Set down all of the data that follows word for word, without the images.

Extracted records
◇ ◇ ◇ ◇ ◇

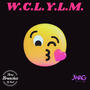 W.C.L.Y.L.M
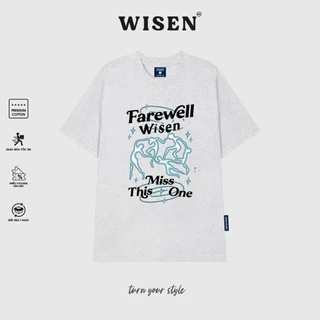 Áo Thun Unisex WISEN Phông Oversize Local Brand 100% Cotton Cao Cấp 2 Chiều Form Rộng Tay Lỡ Mẫu Farewell WS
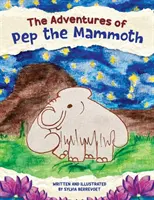 Le avventure di Pep il mammut - The Adventures of Pep the Mammoth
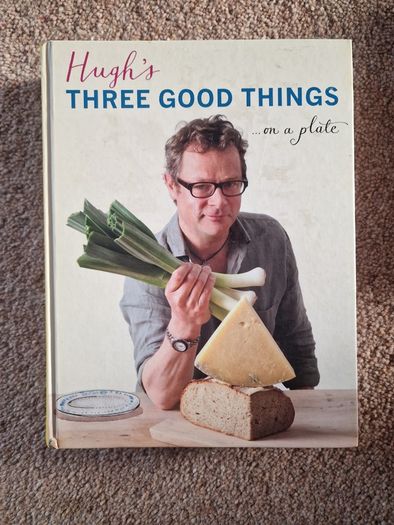 Hugh's Three Good Things (Hardback) by Hugh Fearnley-Whittingstall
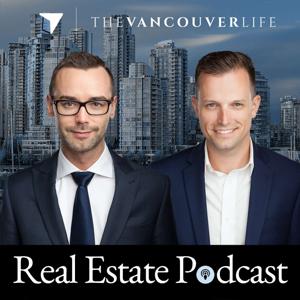 The Vancouver Life Real Estate Podcast by The Vancouver Life Real Estate Podcast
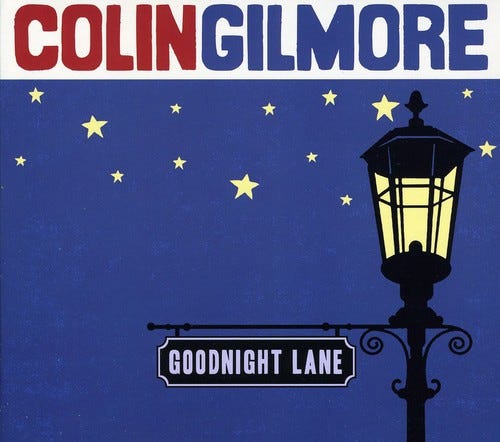 Colin Gilmore Goodnight Lane CD Colin Gilmore Goodnight Lane CD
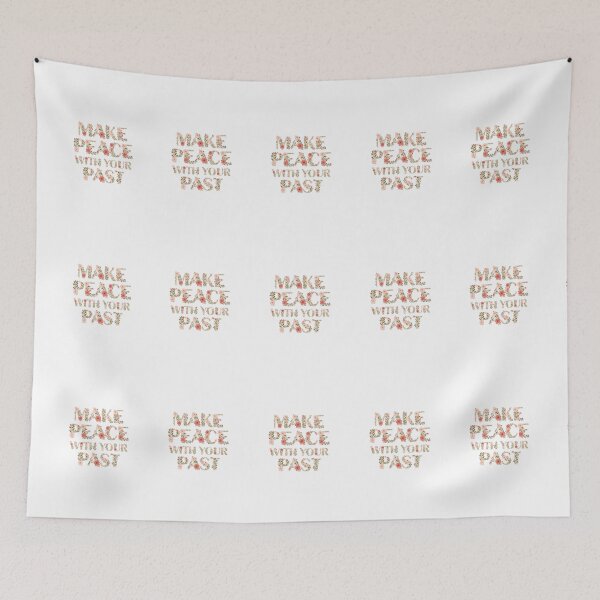 Item preview, Make Peace With Your Past Floral Typography designed and sold by Dzblack.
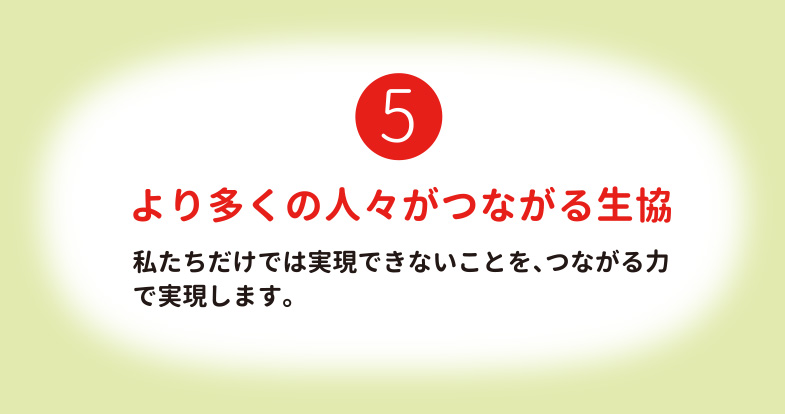 より多くの人々がつながる生協 私たちだけでは実現できないことを、つながる力で実現します。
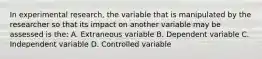 In experimental research, the variable that is manipulated by the researcher so that its impact on another variable may be assessed is the: A. Extraneous variable B. Dependent variable C. Independent variable D. Controlled variable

◇ ◇ ◇ ◇ ◇

Written reply:
 W.C.L.Y.L.M
 Áo Thun Unisex WISEN Phông Oversize Local Brand 100% Cotton Cao Cấp 2 Chiều Form Rộng Tay Lỡ Mẫu Farewell WS
 Le avventure di Pep il mammut - The Adventures of Pep the Mammoth
 Hugh's Three Good Things (Hardback) by Hugh Fearnley-Whittingstall
 The Vancouver Life Real Estate Podcast by The Vancouver Life Real Estate Podcast
 Colin Gilmore Goodnight Lane CD Colin Gilmore Goodnight Lane CD
 Item preview, Make Peace With Your Past Floral Typography designed and sold by Dzblack.
 より多くの人々がつながる生協 私たちだけでは実現できないことを、つながる力で実現します。
 In experimental research, the variable that is manipulated by the researcher so that its impact on another variable may be assessed is the: A. Extraneous variable B. Dependent variable C. Independent variable D. Controlled variable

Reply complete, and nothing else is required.